Reisen wäre so schön, gäbe es nicht das Unterwegssein. Verkehrsmittel der Art, wie wir sie nutzen können – das ist nicht die Senatorklasse – sind mitunter nervend und anstrengend. Meist sind wir froh, wenn wir Security Checks und notwendige Prozeduren hinter uns lassen und stressfrei ankommen. Den Zwischenstopp in Frankfurt nutzen wir übrigens, um uns 2 Flaschen Grant‘s Whisky zu besorgen, die Geheimwaffe gegen Magenrumoren in den Tropen.

Der Flug ist die perfekte Einstimmung auf unser Reiseziel. Der Großteil der Passagiere sind Inder. Ein lebendiger Menschenschlag, der entweder rastlos in Bewegung scheint oder ungerührt jede Situation aussitzt. Kurz, mit ihnen wird es nie langweilig. Aber das muss jeder selbst erleben, persönliche Erfahrungsberichte lassen sich ohnehin nie verallgemeinern.

Ankunft in Delhi. Pünktlich kurz nach 1:00 Uhr. Unsere Mitpassagiere haben erstaunlich tapfer ertragen, bis zum Andocken des Fliegers angeschnallt zu bleiben, die mantraartigen Beschwörungen des Bordpersonals, nicht vorzeitig aufzustehen, scheinen zu wirken. Dann beginnt der Run auf die Ankunftshalle. In Delhi liegen die Schalter der Einreisebürokratie so im Blickfeld der Rolltreppen, dass sofort erkennbar wird, wieviel Reisende vor einem warten. In aller Regel viel zu viele, die Abfertigung ist oft wie ein Quetschen durch einen bürokratischen Flaschenhals. Ein Chaosfaktor ist das kleine Einreiseformular, das ausgefüllt im Pass liegen sollte. Achtung, bitte bereits im Flieger danach fragen und in Ruhe vor der Landung bearbeiten. Wer erst hier unten im Getümmel merkt, dass ihm das Papier fehlt, kann seinen kostbaren Warteplatz in der Schlange verlieren.

Da wir am frühen Morgen gleich weiter fliegen, haben wir alles griffbereit; es soll ja schnell gehen. Blick von oben sagt: Juchu, vor den Abfertigungsschaltern mit der Aufschrift „Reisende mit Visum“ gibt es kaum Wartende. Dann wird der Hallenteil sichtbar, wo die E-Visuminhaber abgefertigt werden. Ein Schockbild: Dort stauen sich gerade über Tausend Menschen, in einer mehrfach gefalteten Warteschlange. Alles ist dicht gedrängt. Beim Näherkommen wir deutlich, nichts bewegt sich. Schätzungen werden gehandelt, dass es heute Nacht wenigstens 3,5 Stunden dauern wird, durchzukommen. Mit einem klassischen Visum im Pass, also dem eingeklebten Vermerk einer konsularischen Visa-Abteilung, wären wir in schlappen 10 Minuten eingereist.

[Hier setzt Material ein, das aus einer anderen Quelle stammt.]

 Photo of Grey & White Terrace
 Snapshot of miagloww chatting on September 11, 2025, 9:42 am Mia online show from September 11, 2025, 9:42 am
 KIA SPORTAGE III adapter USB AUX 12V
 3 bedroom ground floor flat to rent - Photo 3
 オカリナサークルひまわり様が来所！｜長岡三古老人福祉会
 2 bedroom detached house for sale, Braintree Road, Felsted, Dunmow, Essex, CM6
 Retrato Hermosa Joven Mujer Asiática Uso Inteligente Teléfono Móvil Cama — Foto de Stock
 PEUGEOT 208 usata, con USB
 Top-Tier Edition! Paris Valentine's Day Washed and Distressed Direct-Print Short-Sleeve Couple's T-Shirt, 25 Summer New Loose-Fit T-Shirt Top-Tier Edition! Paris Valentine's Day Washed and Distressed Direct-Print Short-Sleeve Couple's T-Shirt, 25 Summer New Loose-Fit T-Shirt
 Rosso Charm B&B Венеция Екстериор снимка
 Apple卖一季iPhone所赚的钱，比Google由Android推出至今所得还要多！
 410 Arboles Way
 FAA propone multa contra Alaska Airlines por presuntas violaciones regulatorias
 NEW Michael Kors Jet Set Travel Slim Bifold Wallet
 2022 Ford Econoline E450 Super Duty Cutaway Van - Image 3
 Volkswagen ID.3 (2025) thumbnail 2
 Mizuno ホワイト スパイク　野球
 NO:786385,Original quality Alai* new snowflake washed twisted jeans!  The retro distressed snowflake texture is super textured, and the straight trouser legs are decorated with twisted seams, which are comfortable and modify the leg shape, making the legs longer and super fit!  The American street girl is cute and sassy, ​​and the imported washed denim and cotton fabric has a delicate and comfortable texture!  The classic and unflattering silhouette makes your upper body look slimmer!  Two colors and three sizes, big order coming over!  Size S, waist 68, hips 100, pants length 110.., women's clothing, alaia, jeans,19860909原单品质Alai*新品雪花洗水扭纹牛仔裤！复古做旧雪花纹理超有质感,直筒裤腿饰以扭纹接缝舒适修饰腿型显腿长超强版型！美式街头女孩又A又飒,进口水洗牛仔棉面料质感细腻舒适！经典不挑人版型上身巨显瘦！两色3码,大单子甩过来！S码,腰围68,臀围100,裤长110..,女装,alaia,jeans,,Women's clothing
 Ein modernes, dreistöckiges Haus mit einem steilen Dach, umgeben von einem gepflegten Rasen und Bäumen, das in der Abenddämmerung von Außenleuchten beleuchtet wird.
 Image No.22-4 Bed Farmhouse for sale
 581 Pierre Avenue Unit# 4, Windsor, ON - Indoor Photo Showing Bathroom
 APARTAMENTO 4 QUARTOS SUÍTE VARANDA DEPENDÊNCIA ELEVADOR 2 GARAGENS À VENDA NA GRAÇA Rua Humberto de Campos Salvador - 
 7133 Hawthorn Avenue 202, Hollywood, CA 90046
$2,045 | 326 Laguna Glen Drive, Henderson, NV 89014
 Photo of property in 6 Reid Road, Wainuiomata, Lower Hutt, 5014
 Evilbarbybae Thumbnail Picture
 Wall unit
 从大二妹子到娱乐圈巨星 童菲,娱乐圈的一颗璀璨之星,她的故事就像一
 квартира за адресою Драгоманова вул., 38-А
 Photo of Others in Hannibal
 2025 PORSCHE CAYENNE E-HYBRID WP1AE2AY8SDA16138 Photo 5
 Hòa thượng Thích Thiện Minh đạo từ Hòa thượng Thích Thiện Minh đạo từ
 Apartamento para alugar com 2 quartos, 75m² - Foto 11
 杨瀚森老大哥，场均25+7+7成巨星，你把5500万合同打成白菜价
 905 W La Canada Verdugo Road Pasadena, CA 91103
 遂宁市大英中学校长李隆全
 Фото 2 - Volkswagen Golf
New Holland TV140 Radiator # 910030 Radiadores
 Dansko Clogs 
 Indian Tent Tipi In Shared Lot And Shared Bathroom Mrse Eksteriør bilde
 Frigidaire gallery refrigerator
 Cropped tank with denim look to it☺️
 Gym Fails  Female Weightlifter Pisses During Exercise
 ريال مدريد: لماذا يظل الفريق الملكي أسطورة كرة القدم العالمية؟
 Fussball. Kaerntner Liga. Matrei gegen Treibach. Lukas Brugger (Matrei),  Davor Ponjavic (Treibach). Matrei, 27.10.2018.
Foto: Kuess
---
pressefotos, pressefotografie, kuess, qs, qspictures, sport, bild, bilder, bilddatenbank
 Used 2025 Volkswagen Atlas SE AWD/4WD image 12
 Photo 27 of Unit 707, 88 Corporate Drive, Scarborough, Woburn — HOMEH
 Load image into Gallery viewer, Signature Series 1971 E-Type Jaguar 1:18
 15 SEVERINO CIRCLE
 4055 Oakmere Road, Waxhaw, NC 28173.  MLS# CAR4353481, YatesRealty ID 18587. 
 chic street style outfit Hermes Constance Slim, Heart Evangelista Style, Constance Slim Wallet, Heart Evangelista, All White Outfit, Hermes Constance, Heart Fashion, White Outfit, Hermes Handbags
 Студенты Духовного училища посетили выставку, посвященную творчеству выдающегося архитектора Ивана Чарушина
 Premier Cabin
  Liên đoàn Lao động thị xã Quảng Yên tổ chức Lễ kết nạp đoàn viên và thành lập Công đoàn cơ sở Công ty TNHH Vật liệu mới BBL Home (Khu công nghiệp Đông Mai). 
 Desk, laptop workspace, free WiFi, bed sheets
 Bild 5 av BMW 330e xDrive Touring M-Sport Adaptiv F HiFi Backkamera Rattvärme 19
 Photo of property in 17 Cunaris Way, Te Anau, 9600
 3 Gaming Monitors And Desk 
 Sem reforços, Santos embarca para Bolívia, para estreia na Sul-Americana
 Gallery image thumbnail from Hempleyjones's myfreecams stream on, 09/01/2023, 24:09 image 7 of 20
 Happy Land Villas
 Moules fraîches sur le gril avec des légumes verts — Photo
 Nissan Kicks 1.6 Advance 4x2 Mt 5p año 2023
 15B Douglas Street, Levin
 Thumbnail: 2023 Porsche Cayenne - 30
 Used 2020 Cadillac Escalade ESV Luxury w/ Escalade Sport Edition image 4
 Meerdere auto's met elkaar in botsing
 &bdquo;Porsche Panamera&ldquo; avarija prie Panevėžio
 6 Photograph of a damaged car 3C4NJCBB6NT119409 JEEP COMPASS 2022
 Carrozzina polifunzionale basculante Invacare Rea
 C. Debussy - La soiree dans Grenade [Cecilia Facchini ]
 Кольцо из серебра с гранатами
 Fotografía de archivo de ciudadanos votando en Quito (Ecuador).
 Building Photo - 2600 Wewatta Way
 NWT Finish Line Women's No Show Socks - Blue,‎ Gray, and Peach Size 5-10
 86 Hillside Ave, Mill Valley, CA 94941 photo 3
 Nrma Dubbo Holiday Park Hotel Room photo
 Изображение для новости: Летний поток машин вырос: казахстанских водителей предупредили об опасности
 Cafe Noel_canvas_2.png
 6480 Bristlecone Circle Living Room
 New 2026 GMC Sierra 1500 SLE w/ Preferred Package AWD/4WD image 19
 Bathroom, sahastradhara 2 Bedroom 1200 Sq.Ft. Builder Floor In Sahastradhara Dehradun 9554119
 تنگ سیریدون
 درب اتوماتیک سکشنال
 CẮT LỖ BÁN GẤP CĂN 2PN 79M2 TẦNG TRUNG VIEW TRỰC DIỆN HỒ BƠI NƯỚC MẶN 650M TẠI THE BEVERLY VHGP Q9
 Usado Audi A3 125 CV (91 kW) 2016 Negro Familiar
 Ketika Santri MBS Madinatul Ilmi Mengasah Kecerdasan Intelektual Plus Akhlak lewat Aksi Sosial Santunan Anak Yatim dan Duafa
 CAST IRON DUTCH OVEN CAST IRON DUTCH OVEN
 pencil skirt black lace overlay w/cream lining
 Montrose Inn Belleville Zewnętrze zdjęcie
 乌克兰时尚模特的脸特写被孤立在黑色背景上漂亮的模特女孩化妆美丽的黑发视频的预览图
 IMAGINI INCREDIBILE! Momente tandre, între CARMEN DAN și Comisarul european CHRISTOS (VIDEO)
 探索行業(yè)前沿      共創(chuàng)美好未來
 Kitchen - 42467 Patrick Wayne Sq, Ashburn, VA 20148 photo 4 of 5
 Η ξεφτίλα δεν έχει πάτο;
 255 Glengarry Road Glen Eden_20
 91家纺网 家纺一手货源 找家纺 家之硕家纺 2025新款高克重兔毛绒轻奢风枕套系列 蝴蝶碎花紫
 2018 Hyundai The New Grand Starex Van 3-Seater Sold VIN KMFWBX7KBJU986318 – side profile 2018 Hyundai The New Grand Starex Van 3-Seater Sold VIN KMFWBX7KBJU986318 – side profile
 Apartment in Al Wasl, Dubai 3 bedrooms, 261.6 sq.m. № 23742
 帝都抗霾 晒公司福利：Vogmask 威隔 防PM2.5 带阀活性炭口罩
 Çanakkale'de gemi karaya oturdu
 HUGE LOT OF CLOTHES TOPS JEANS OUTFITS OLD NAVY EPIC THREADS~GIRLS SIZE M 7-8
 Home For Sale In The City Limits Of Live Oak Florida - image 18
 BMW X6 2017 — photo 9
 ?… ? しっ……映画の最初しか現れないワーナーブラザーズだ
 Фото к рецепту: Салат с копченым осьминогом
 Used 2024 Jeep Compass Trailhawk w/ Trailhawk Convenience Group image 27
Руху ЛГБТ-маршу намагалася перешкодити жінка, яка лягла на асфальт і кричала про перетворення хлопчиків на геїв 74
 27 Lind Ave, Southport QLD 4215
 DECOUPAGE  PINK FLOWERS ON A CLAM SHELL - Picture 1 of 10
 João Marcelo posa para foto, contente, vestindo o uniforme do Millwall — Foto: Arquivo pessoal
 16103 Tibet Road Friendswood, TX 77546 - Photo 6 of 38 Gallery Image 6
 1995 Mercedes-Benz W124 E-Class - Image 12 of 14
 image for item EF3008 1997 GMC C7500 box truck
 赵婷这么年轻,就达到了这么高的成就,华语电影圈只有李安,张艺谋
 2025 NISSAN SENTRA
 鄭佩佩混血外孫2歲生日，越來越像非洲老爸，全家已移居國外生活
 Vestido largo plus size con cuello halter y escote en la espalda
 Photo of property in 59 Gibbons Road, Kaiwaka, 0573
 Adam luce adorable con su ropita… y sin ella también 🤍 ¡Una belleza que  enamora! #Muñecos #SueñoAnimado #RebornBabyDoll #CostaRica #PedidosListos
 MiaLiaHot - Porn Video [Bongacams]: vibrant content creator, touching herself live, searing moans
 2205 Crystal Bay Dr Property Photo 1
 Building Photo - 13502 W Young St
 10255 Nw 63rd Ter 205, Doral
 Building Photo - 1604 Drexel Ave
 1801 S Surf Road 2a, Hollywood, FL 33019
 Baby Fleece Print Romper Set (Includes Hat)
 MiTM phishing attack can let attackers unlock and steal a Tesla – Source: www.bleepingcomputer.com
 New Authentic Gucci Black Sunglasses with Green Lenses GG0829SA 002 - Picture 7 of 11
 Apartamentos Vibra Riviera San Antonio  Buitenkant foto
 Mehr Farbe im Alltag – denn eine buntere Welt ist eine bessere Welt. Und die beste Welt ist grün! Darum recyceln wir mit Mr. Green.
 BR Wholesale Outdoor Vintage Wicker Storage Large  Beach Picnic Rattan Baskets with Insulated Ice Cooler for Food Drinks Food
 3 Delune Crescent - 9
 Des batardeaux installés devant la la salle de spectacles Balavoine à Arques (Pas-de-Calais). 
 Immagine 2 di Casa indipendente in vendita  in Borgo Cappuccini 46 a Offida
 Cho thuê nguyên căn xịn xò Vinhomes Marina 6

Vor uns liegt Warten mit ungewissem Ausgang. Wir ahnen, die Zeit reicht nicht. Unser Inlandsflug verlangt ein Einchecken bis spätestens 3:45 Uhr. Das ist nicht zu schaffen.

Dass wir trotzdem den Einreisehorror in Delhi überwinden, ist eine fantastische Geschichte, die hier nicht erzählbar ist. Das ist etwas für die kleine Runde, den Austausch von Reiseabenteuern bei einem guten Glas Wein. Wichtiges Detail für Reisende: Wer mit einem indischen Billigflieger die Reise fortsetzt, sollte sich kundig machen, ob er dafür zum 20 Autominuten entfernten Domestic Terminal wechseln muss. Es gibt zwar einen Bus Shuttle, auf den wir allerdings keine Lust mehr haben; mit dem Taxi kostet der Transfer etwa umgerechnet 5,50 €. Wir bekommen unseren Indigo-Flug nach Bhubaneswar ganz locker und – Incredible India – die nette Angestellte der Fluggesellschaft am Gate schenkt uns sogar ein Upgrade auf die Sitzreihe mit den XL-Abständen. Das entschleunigt und versöhnt uns mit der Ankunft. Ein toller Zufall, gerade in diesen Tagen wird in Indien das Lichterfest Divali gefeiert. Der Flughafen ist besonders dekoriert; in einer Ecke entdecken wir ein Sandskulptur, die uns ein wenig an die größte Sandburg der Welt in Duisburg erinnerte.

Thema Willkommens-Simkarte für E-Visa-Besitzer. Da uns keine offeriert wird, kaufen wir selbst noch am Flughafen in Delhi eine für Indien. Die brauchen wir für den Zugang zum Internet, wenn es mal kein WLAN gibt. Die Prepaid-Karte von airtel ist gültig für 70 Tage und kostet uns rund 18,00 €. Dafür bekommen wir jeden Tag ein Volumen von 1 GB.